A história começa no final de 2014, quando uma onda de calor marinha brutal, apelidada de “Blob“, estacionou sobre o nordeste do Pacífico, elevando as temperaturas do oceano muito acima do normal durante quase dois anos.
O caldeirão colossal provocou uma reação ecológica em cadeia, reduzindo as populações de fitoplâncton e, por sua vez, os peixes forrageiros que aves marinhas como os murres comuns comem.
Em 2015 e 2016, as aves morreram de fome em massa. Renner dirige um programa de monitorização que abrange toda a região e que tem vindo a recolher dados sobre aves marinhas nos últimos 50 anos. A escala do número de vítimas foi imediatamente óbvia.
“Percebemos logo que se tratava de uma grande catástrofe“, diz Renner. “Foram 62.000 carcaças que deram à costa nas praias, em todo o Golfo do Alasca, até à Califórnia. Foi claramente um grande problema, mas não conseguimos quantificar muito bem a dimensão da mortalidade”.
Para ter uma ideia melhor do impacto total na população de murre, a equipa utilizou dados de contagem de colónias de 1995 a 2022, recolhidos em 13 colónias ao longo das margens o Mar de Bering e do Golfo do Alasca.
Depois de obterem contagens de aves antes e depois da vaga de calor, os investigadores extrapolaram esses resultados para toda a população de murres do Alasca.
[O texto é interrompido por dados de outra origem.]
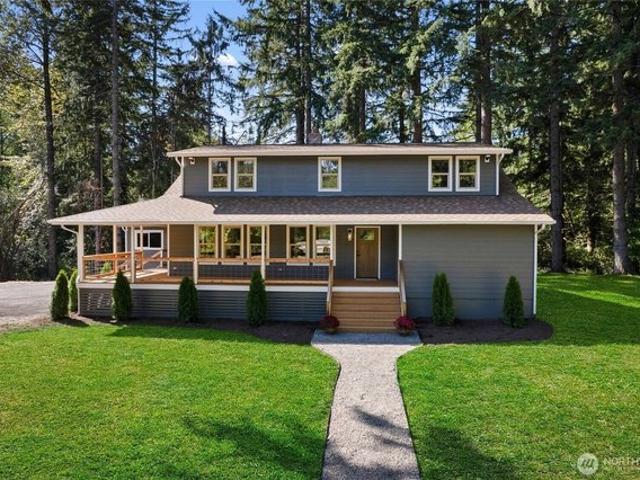 House for sale in Duvall, Washington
Renner e os seus colegas estimam que a onda de calor matou 4 milhões de murres entre o Golfo do Alasca e o Mar de Bering Oriental. Cerca de metade dos murres da região morreram durante um único inverno.
“Foi muito pior do que pensávamos”, afirma Renner. Ela e a sua equipa sugerem que esta perda é a maior mortandade de vida selvagem, especificamente de vertebrados não piscícolas, já registada na era moderna.
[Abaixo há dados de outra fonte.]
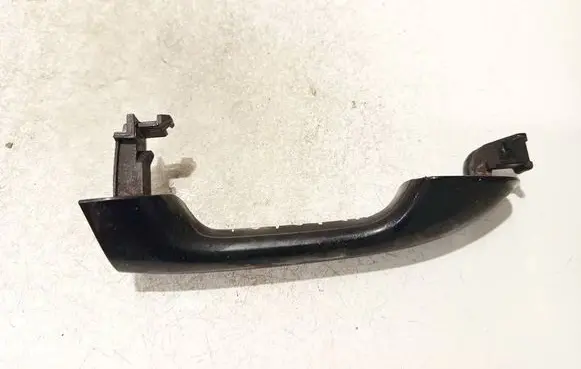 KIA Optima Front door exterior handle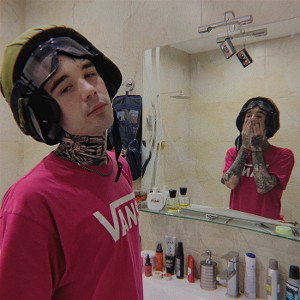 BRAYBRAYBRAY - СПАТЬ [PROD. BY PHIN GAGE]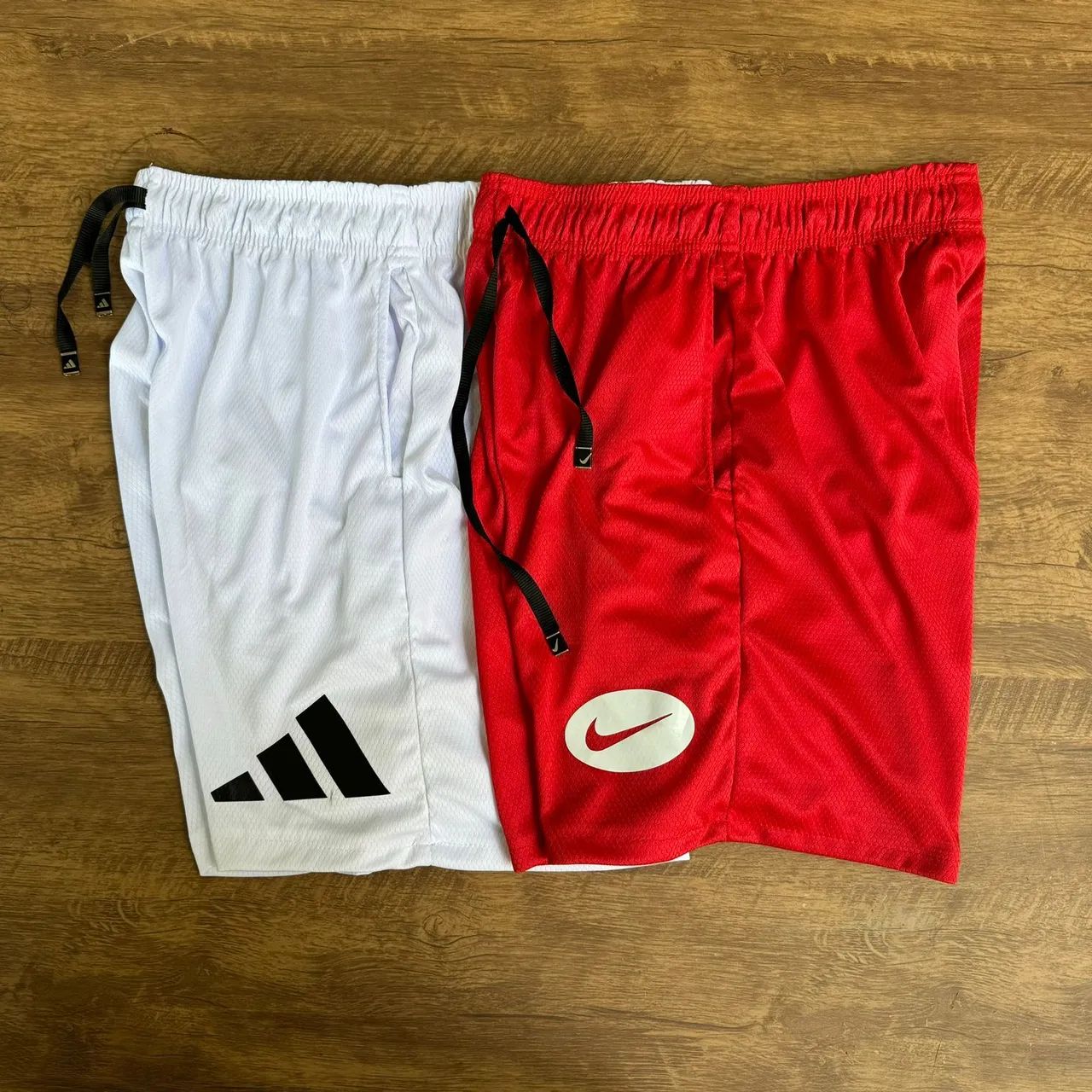 Short Dri-fit PREMIUM  - Foto 2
Na mesma vaga de calor, cerca de 10 mil milhões de caranguejos das neves no Mar de Bering também morreram de fome.
A escala e a velocidade do colapso da população de murre comum são chocantes, diz Simon Tye, um ecologista da Universidade do Arkansas em Fayetteville que não esteve envolvido na investigação. “As imagens do antes e do depois [das colónias] são de partir o coração”.
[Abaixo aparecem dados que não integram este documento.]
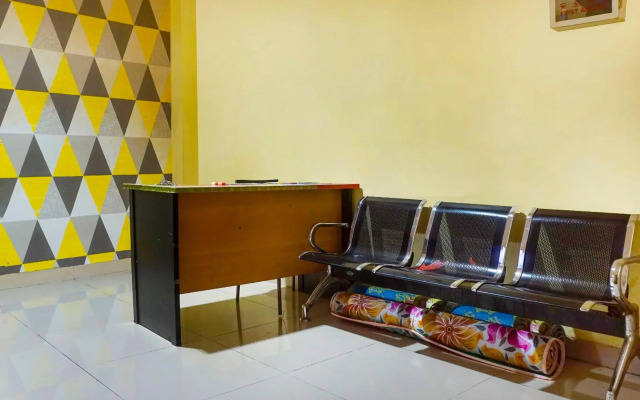Guest House Onta Baru
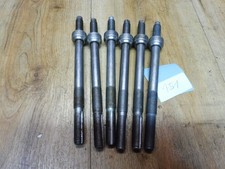 Achse Sachs Torpedo Renak DDR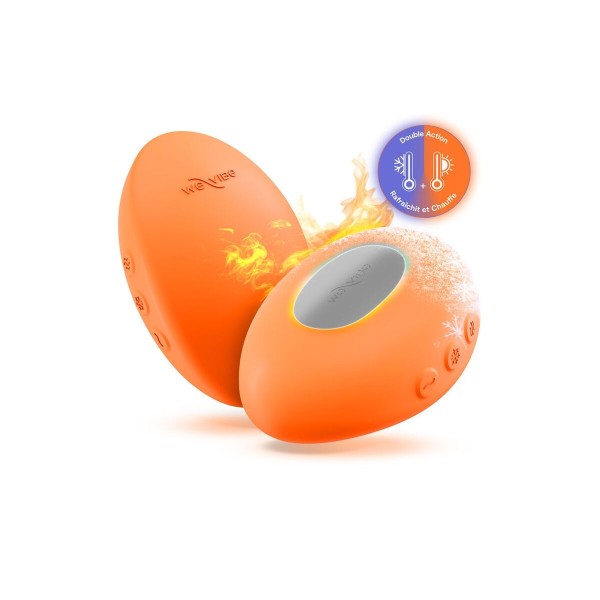 Bullet vibracija We-Vibe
O facto de as aves não terem recuperado mesmo sete anos depois ajuda a rejeitar uma hipótese anterior de que as aves estavam apenas a adiar temporariamente a reprodução para esperar pelas condições climáticas hostis.
As colónias teimosamente escassas podem significar que algo fundamental mudou no ecossistema e que este não pode suportar um regresso aos números anteriores de murres.
Renner afirma que não acredita que tenham sido documentados anteriormente impactos climáticos que tenham provocado uma mudança tão dramática e rápida. Os resultados mostram que mudanças tão intensas podem ocorrer numa escala de anos.
Tye e Renner sublinham que, com a continuação do aquecimento climático, se espera que ondas de calor como a Blob ocorram com maior frequência. Isto pode pôr em perigo populações já vulneráveis de muitos animais que ainda não recuperaram num ecossistema oceânico que está a sofrer com a anterior onda de calor.
Embora haja pouco controlo humano imediato sobre as ondas de calor marinhas, Renner afirma que os resultados sublinham a importância de outros esforços de conservação para as aves marinhos. Estes podem incluir a remoção de predadores invasores ou outras espécies que, juntamente com as oscilações climáticas, criam um stress adicional nas populações de aves marinhas.
“Penso que o facto de o topo da teia alimentar desaparecer é muito importante”, afirma Tye. “Deveria ser uma coisa sinistra para toda a gente“.